What you have to do. Line for line, return the data exactly, omitting all pictures.

Record extracts.
== Segment start ==

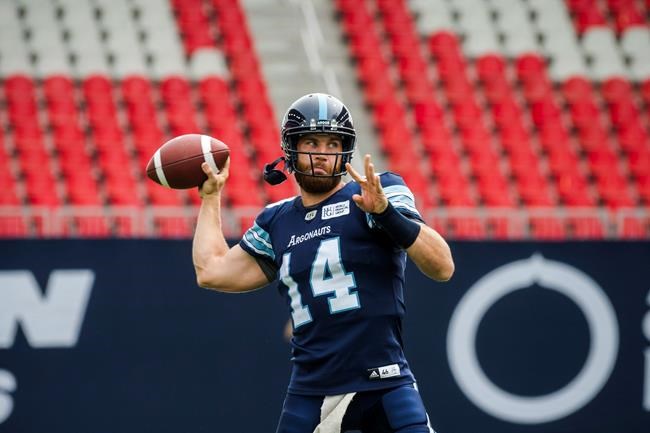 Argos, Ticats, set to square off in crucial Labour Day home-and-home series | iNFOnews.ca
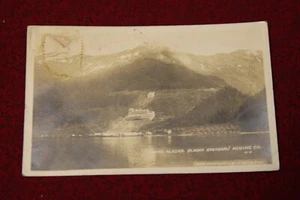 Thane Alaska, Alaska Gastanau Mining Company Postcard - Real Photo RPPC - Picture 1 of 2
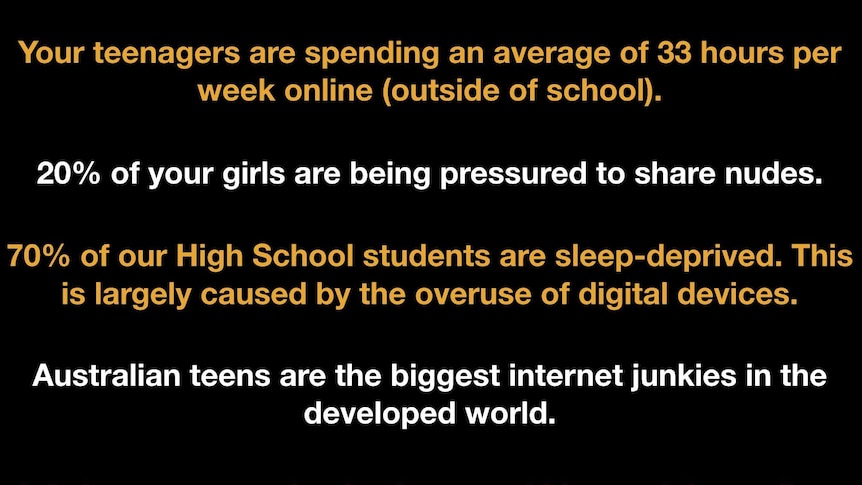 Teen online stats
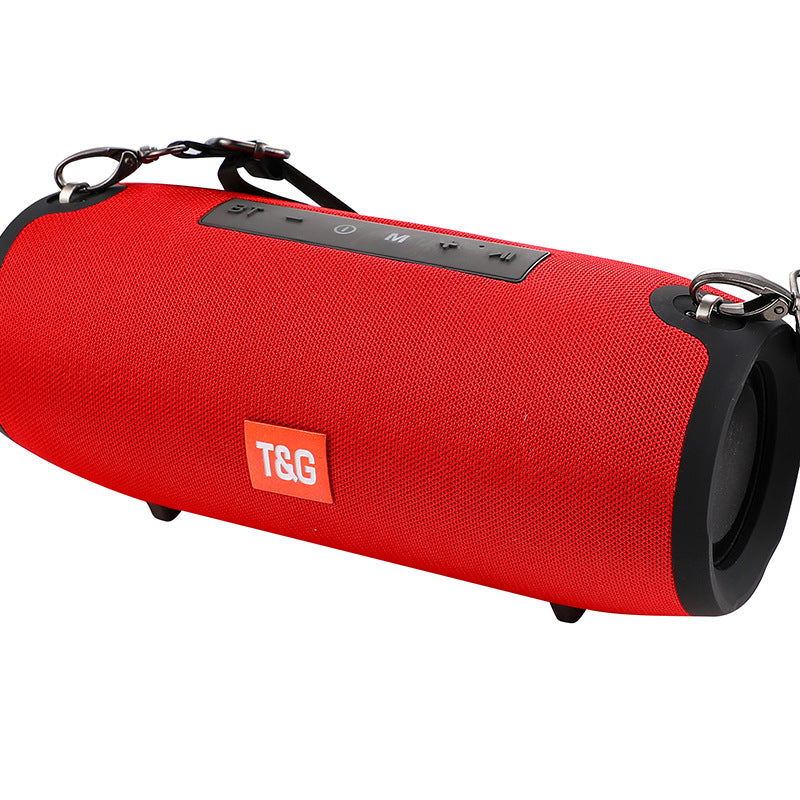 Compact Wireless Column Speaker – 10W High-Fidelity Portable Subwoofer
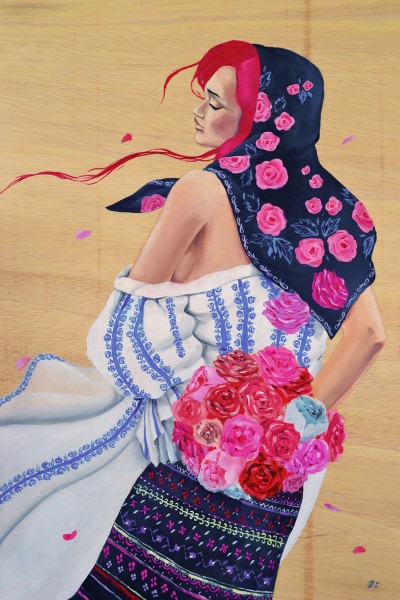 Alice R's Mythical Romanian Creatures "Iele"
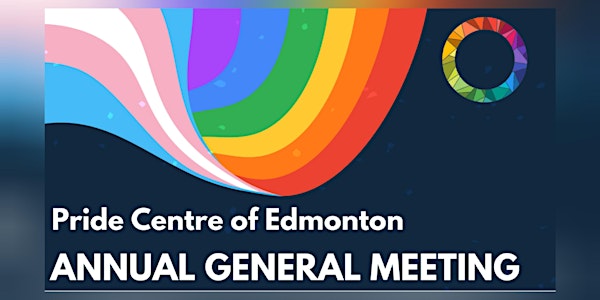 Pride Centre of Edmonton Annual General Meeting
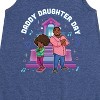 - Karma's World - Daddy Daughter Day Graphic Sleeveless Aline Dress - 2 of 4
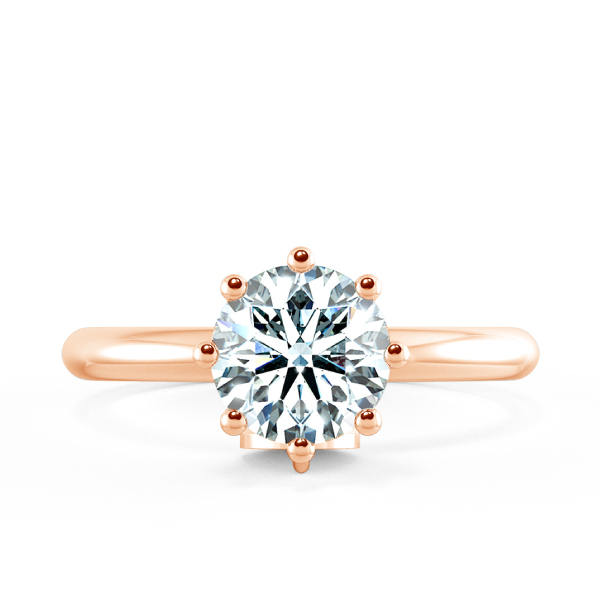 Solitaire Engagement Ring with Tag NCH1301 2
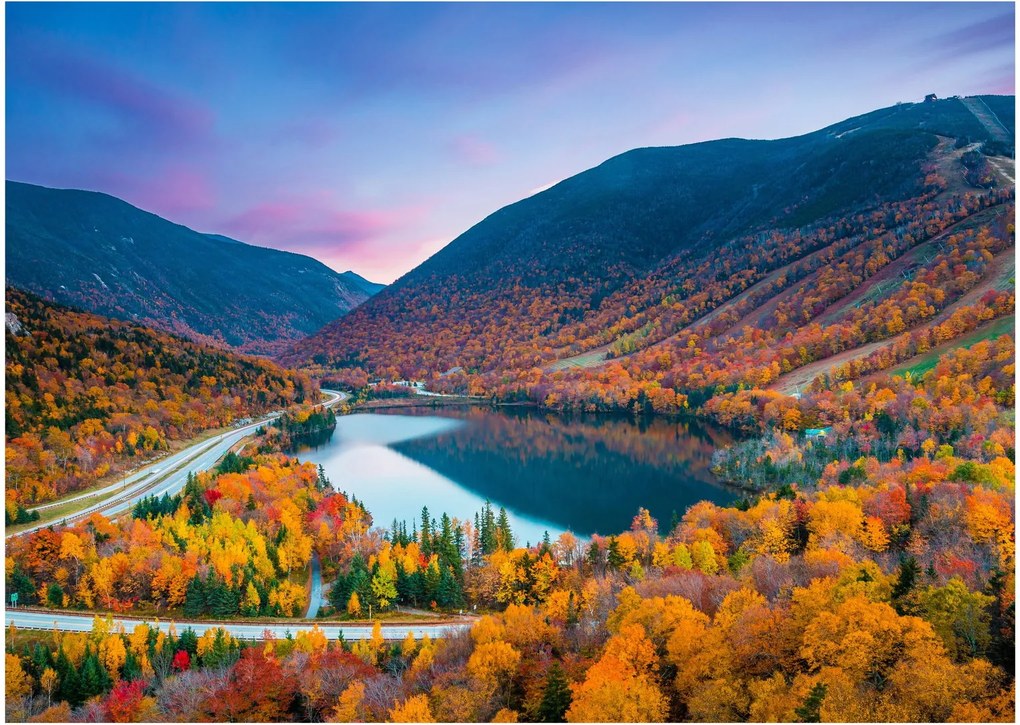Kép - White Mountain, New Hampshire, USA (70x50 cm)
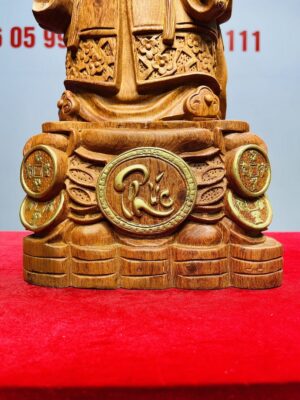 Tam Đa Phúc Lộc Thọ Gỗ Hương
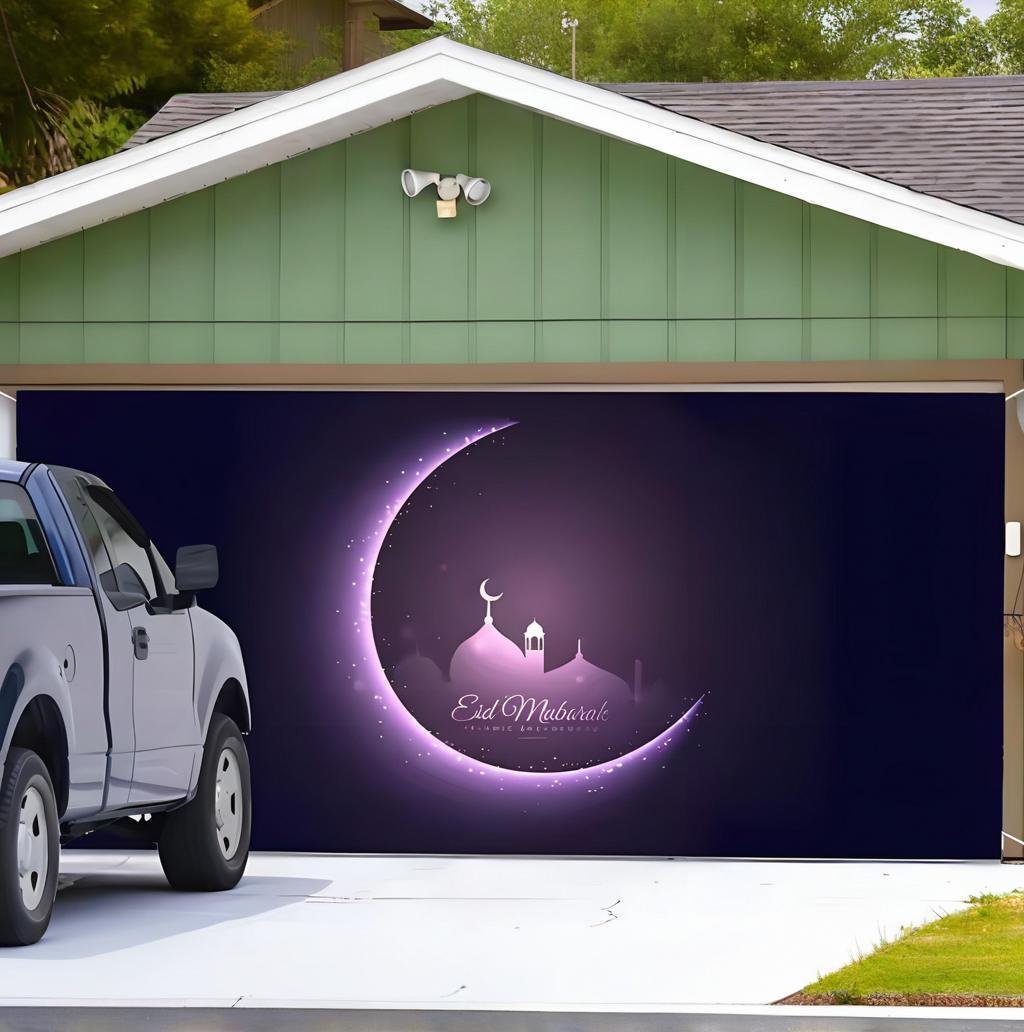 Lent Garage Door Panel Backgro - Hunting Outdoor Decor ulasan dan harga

== Segment end ==

Task result.
 Argos, Ticats, set to square off in crucial Labour Day home-and-home series | iNFOnews.ca
 Thane Alaska, Alaska Gastanau Mining Company Postcard - Real Photo RPPC - Picture 1 of 2
 Teen online stats
 Compact Wireless Column Speaker – 10W High-Fidelity Portable Subwoofer
 Alice R's Mythical Romanian Creatures "Iele"
 Pride Centre of Edmonton Annual General Meeting
 - Karma's World - Daddy Daughter Day Graphic Sleeveless Aline Dress - 2 of 4
 Solitaire Engagement Ring with Tag NCH1301 2
Kép - White Mountain, New Hampshire, USA (70x50 cm)
 Tam Đa Phúc Lộc Thọ Gỗ Hương
 Lent Garage Door Panel Backgro - Hunting Outdoor Decor ulasan dan harga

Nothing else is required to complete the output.